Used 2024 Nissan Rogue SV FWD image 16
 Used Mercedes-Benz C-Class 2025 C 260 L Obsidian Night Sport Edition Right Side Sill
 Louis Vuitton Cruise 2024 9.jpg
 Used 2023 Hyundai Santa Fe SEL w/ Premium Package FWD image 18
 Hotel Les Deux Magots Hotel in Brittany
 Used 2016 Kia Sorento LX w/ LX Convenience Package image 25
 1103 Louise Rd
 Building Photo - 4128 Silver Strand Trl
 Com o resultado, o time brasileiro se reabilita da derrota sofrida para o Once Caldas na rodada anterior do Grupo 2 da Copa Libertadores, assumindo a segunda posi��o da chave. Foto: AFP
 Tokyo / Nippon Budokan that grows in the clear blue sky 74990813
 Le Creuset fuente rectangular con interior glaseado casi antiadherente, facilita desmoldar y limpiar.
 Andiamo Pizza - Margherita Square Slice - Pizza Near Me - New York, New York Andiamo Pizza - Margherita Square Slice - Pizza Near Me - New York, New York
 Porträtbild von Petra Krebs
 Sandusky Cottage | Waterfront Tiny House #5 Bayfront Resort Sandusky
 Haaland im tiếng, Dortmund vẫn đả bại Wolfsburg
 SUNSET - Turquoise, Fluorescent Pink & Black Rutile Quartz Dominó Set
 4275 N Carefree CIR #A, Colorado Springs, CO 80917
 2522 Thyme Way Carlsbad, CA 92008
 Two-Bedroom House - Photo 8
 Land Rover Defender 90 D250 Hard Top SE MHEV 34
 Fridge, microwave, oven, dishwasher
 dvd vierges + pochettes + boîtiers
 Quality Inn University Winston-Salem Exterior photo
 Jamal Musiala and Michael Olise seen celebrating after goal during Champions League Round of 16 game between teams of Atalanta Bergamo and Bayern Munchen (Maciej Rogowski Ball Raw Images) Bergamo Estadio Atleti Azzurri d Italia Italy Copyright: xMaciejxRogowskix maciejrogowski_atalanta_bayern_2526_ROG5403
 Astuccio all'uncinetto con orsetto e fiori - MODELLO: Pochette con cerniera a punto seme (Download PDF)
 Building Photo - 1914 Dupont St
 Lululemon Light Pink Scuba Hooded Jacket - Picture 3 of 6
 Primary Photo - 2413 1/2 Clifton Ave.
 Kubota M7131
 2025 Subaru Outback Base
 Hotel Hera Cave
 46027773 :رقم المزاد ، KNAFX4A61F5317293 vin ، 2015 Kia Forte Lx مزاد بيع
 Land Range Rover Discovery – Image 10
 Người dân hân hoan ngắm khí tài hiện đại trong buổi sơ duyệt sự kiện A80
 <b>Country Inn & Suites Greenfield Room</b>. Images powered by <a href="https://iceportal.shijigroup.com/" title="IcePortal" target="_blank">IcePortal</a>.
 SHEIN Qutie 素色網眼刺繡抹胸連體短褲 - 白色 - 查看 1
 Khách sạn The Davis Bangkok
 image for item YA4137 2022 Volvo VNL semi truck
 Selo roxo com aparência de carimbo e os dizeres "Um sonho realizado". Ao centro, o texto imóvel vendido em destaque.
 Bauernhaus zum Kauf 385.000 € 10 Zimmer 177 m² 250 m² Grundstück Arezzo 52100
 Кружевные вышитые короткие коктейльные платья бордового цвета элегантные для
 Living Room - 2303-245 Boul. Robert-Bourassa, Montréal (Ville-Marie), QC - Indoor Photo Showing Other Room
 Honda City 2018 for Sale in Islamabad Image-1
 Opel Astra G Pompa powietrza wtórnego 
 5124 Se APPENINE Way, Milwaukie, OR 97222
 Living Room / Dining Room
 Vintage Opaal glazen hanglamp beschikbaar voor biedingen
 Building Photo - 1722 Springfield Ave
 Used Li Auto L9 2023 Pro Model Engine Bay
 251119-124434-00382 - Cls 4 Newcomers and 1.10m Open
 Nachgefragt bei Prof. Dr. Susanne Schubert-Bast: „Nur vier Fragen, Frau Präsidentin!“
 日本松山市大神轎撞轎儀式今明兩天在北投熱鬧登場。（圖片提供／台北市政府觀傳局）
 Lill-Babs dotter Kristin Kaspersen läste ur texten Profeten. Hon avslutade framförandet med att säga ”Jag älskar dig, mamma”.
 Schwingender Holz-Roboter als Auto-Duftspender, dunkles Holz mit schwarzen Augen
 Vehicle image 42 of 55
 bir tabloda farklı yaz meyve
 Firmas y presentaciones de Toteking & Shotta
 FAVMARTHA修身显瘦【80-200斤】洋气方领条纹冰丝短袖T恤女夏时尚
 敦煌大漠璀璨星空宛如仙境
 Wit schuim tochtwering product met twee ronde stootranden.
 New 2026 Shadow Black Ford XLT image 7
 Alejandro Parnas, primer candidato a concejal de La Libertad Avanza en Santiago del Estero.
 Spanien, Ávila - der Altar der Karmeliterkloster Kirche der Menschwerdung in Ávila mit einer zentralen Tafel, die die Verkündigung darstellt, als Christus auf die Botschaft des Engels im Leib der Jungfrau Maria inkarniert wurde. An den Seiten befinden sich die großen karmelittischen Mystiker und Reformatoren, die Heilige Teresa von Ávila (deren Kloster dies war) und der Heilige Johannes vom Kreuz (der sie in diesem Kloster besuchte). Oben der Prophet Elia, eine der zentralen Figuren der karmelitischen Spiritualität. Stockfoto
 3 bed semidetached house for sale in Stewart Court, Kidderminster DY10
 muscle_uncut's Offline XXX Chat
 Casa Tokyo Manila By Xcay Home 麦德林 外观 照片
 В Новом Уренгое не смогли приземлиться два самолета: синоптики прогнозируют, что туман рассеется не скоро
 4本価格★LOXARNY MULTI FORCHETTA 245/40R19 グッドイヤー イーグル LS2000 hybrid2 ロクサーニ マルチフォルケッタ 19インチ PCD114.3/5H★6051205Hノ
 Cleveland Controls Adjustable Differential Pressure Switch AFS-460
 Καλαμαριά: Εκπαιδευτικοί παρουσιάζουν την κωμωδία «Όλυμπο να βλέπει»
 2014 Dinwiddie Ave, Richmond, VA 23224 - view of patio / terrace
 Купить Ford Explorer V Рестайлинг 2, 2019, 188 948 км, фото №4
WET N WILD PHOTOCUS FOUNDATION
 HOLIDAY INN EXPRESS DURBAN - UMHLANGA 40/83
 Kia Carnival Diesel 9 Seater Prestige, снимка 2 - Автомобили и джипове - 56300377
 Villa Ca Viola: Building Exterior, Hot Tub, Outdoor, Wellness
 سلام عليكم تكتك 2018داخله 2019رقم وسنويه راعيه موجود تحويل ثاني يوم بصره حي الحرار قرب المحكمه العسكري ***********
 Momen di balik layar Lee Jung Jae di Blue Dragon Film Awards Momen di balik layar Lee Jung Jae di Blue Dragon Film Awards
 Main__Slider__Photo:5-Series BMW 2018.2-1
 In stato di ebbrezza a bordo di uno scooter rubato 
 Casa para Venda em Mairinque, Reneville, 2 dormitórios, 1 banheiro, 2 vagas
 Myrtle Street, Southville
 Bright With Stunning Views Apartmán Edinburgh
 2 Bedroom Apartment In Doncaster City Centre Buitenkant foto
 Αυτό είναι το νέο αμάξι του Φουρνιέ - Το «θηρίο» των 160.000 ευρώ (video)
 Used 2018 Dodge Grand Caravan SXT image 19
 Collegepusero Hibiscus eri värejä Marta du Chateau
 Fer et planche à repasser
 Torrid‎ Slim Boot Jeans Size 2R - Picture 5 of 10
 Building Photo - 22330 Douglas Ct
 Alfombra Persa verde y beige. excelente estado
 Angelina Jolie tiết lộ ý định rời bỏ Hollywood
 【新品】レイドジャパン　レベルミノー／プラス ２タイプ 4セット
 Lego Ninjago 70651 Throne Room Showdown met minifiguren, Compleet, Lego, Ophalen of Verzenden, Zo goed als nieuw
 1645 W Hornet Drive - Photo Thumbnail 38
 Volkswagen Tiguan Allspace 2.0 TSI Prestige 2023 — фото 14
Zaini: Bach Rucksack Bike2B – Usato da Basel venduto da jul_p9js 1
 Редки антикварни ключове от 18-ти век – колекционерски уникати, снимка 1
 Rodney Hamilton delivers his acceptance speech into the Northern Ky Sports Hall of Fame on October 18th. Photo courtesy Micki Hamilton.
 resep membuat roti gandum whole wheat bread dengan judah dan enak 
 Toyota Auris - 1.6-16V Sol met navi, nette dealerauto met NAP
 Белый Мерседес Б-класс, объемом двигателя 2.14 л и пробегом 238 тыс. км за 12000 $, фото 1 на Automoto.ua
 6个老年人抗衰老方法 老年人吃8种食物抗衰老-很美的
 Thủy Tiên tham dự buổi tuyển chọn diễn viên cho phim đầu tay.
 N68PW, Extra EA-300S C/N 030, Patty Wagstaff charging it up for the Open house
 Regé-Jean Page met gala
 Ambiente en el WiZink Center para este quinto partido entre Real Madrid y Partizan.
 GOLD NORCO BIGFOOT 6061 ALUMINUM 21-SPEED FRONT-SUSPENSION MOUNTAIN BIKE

**Work task:**
Restate word for word the entries above, starting at the line with "Kubota M7131" and ending at the line with "Người dân hân", inclusive, and no others.

**Written response:**
 Kubota M7131
 2025 Subaru Outback Base
 Hotel Hera Cave
 46027773 :رقم المزاد ، KNAFX4A61F5317293 vin ، 2015 Kia Forte Lx مزاد بيع
 Land Range Rover Discovery – Image 10
 Người dân hân hoan ngắm khí tài hiện đại trong buổi sơ duyệt sự kiện A80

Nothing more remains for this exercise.